Com efeito, a qualidade é tal que muitos dos arrojados empreendedores deixaram já de pagar os seguros, por duas razões:
a) a alta fiabilidade de motoristas e viaturas que torna os acidentes completamente improváveis…
b)…e o respeito pela liberdade de escolha dos clientes, que podiam não querer ser seguros pela empresa do uberboltista, preferindo liberalmente pagar do seu bolso os pensos, alugueres de bisturis, estadias em resorts de saúde, os porteiros disso tudo e os avatares de IA que tornaram obsoletos os médicos, enfermeiros e etecetras.
Há tanta coisa a precisar de melhorar em Portugal. Um dos grandes problemas é que uma grande parte das pessoas só conhece a nossa políticas, a mesma fórmula de “resolver” questões e não é fácil perceber que podia ser tão melhor se mudassemos o chip. Portugal tem imenso potencial mas estamos agrilhoados. Não precisa de ser assim. E nem é preciso tirar o tapete social dos nossos pés. Mas é um longo caminho até os portugueses estarem preparados. Havemos de lá chegar porque o futuro é liberal.
Pois mas…
Melhorar um mercado tão pujante? Como é possível?
Aliás, melhor que este, só o da habitação e o do Alojamento Local!
Tem razão quem diz que nem todos podem viver em sítios como Lisboa, ou Porto, ou Albufeira, ou Grândola, ou Alcácer do Sal, ou Cascais, ou Nazaré, ou Faro, ou Évora, ou Coimbra, ou Leiria, ou Viseu, ou mais algumas assim e tal, é o mercado a funcionar, só são acessíveis a gente de bem, tem de ser mesmo assim!
Se um tipo quer trabalhar em Lisboa, e não consegue pagar casa, porque não se muda para Freixo de Espada à Cinta? Ou Terras do Bouro? Onde há casas a preço da chuva, com a mesma incluída?
Olha, ou Alvito, onde as casas são barat….ooooops!
As nossas? Olhe que não, até eu me lembro de quando era normal haver professores, médicos, médicos, e pouca dívida privada, mas isso não era moderno nem civilizado.
E nem foi preciso tirar o tapete social, só que se endividem para a vida e não adoeçam ou tenham filhos e tenham fé no patrão.
” porque o futuro é liberal.”
O futuro ?
O liberalismo foi há 200 anos
Pois esqueci-me de mencionar o papel do Cidadeberço Pintaínho…
Que é, realmente, um grande embaixador do liberalismo. Por isso não se sabe a razão porque continua por cá. Se é embaixador…devia estar no estrangeiro…
Talvez deva regressar ao liberal Vietname e à liberalíssima Universidade de Economia do Vietname, onde já embaixou, embora não seja tão necessário, porque por lá o liberalismo já amplamente triunfou.
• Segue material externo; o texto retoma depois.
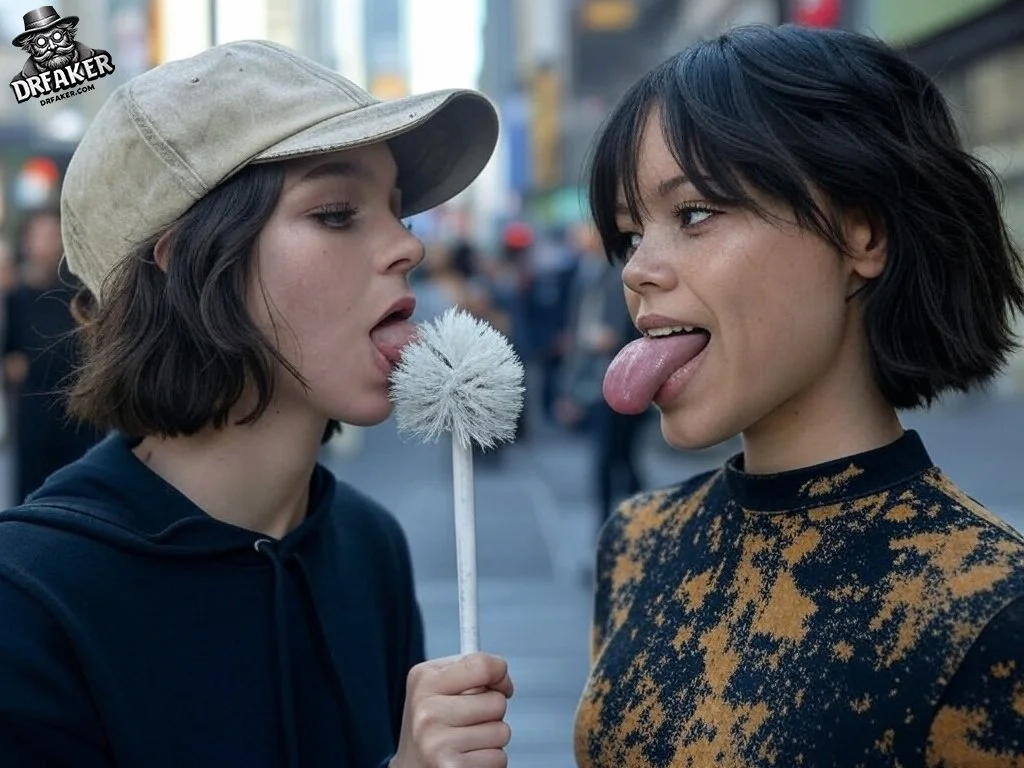 Emma Myers and Jenna Ortega Share a Toilet Brush in NYE main image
Com efeito, o chefe do partido Comunliberalista no poder, que ganhou as últimas eleições com 101,85 % dos votos e elegeu todos os 486 deputados, que se juntaram a 14 senhores in-dependentes que já lá estavam sentados nos bancos de trás (ninguém sabe como nem porquê, mas adiante!) declarou solenemente:
“Vietnamitas, Vietnamitas: quer queirais quer não queirais têm de ser liberais!”.
O que faz deste um dos regimes mais liberais do Mundo. Embora, é claro, não chegue ao nível de liberalismo do saudoso regime do Pinochête.
Correção: o lema Comuniliberalista é: “quer queirais quer não queirais tereis de ser liberais!”